Woodrow Wilson ran the 1916 reelection campaign on the slogan: “He kept us out of the war.” But on April 2, 1917, he dragged America into the First World War. By deploying two million troops and a lot of cutting-edge military equipment, America shifted the balance of power in favor of the Entente Powers (America and its allies). The problem was that the American military assistance came with Wilsonian idealism, which led to confusion about the aims of the war—it was not clear what the Entente Powers were fighting for?
In his message to the Congress, Wilson declared that the aim of the war was "to vindicate the principles of peace and justice in the life of the world.” Could all this be achieved by fighting a world war? In his speech on January 8, 1918, Wilson outlined his doctrine of “Fourteen Points,” which was his list of principles that were to be used during the postwar negotiations. The twelfth of Wilson’s Fourteen Points assured the Arabs and the Turks (the subjects of the Ottoman Empire), “an undoubted security of life and an absolutely unmolested opportunity of autonomous development.”
The war ceased to be a simple geopolitical conflict between the Entente Powers and the Central Powers. It became a Wilsonian war for creating an ideal world where people would live in “everlasting peace.”

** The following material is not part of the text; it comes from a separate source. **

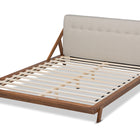 Baxton Studio Sante Mid-Century Modern Light Beige Fabric Upholstered Wood Full Size Platform Bed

More than anything else, it was Wilson’s idealism that hindered Tsarist Russia and Greece from achieving their original war aims. Kemal Ataturk’s Turkish faction (which had, by 1921, become the voice of all subjects of the Ottoman Empire) and Lenin’s Bolsheviks used Wilson’s Fourteen Points to crush the aspirations of not only Greece and Tsarist Russia but also Britain, France, and Italy. The Turkish negotiators and the Bolsheviks repeatedly invoked Wilson’s Fourteen Points doctrine during the postwar negotiations.